## Assignment
All lines from the opening of the data to the line containing "Cabeza ángel tallado" must be returned unchanged, and only those lines.

*** Data for analysis ***

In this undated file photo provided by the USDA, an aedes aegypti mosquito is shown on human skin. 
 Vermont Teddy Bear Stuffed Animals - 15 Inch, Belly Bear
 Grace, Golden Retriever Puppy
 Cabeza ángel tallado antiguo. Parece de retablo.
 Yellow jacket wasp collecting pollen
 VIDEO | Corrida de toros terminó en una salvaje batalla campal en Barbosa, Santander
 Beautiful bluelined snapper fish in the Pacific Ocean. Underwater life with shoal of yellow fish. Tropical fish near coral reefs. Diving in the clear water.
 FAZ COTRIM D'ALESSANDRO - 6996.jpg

*** End of Data for analysis ***

## Answer for the task
In this undated file photo provided by the USDA, an aedes aegypti mosquito is shown on human skin. 
 Vermont Teddy Bear Stuffed Animals - 15 Inch, Belly Bear
 Grace, Golden Retriever Puppy
 Cabeza ángel tallado antiguo. Parece de retablo.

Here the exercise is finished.